**What to do:**
In the listing below, locate the line with "hit-cat-selection-thorn-clarke" and the line with "Tropical Beach Paradise", then output both and everything between them exactly, minus any pictures.

**Input:**
+++

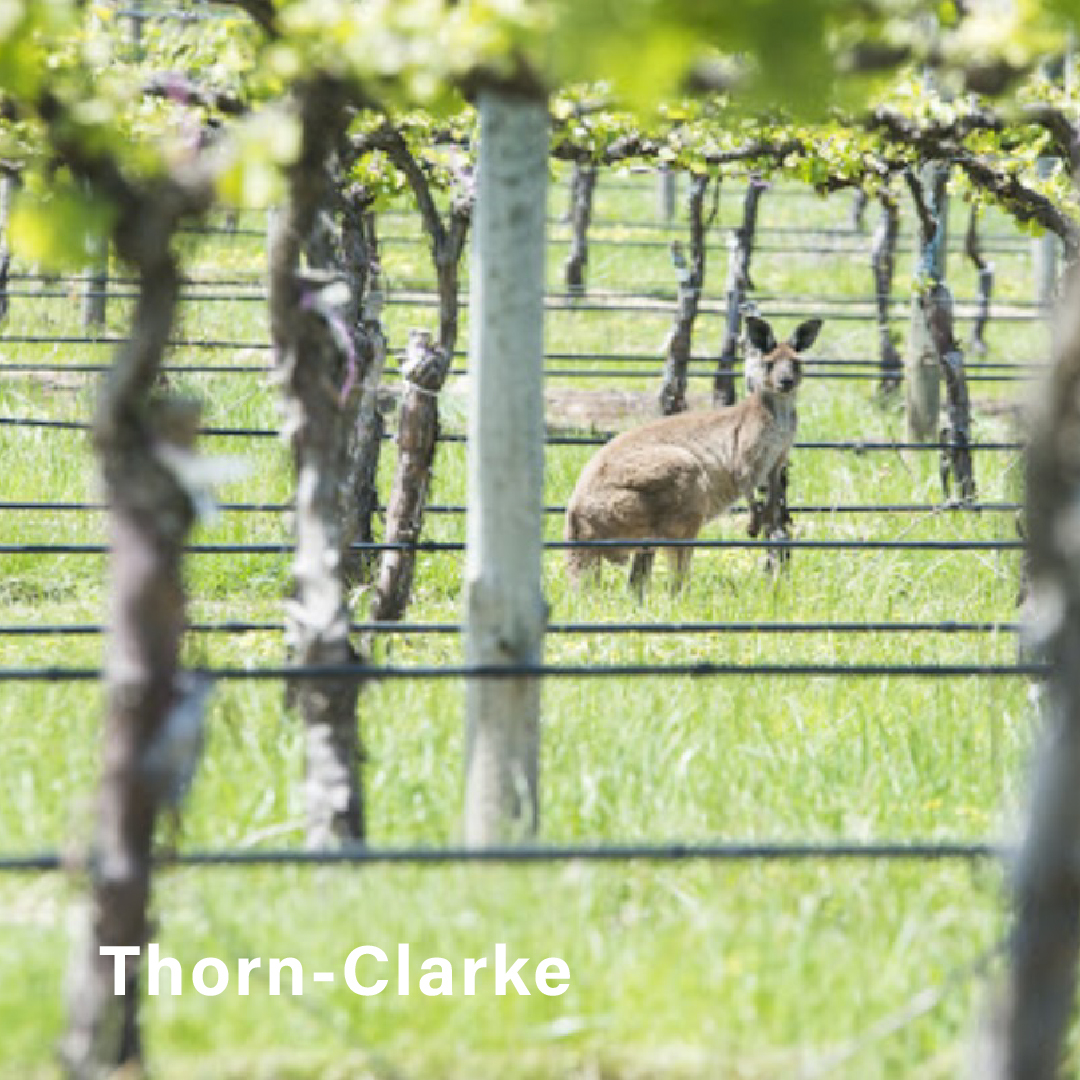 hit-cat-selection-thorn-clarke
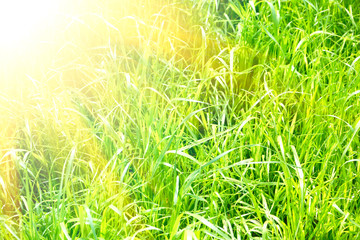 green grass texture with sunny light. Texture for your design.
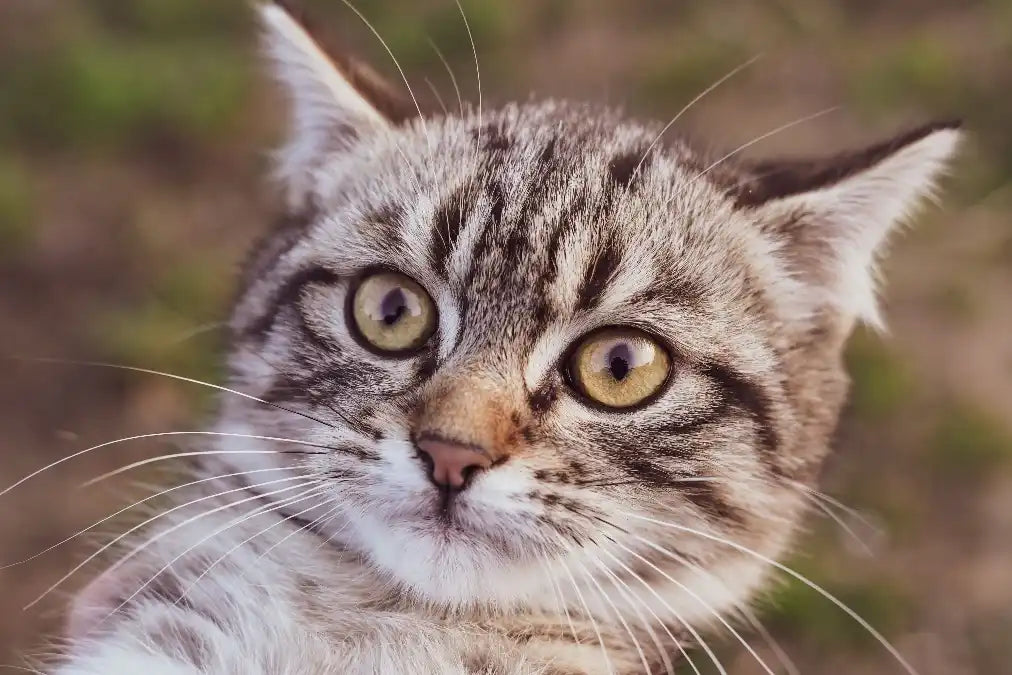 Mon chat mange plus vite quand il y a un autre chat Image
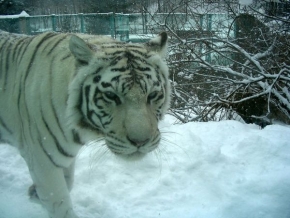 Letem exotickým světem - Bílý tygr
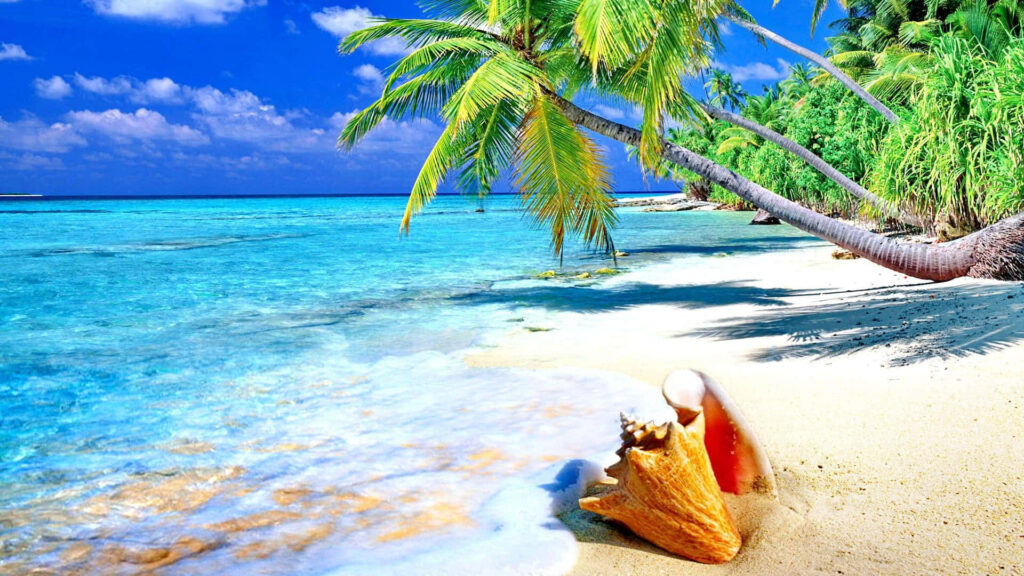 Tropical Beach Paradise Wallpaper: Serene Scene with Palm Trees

+++

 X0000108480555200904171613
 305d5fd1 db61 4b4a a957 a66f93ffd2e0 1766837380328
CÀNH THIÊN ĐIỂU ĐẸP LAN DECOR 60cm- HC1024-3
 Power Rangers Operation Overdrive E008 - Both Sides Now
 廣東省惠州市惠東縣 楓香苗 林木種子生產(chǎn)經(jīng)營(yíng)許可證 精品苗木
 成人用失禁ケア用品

+++

**Answer section:**
 hit-cat-selection-thorn-clarke
 green grass texture with sunny light. Texture for your design.
 Mon chat mange plus vite quand il y a un autre chat Image
 Letem exotickým světem - Bílý tygr
 Tropical Beach Paradise Wallpaper: Serene Scene with Palm Trees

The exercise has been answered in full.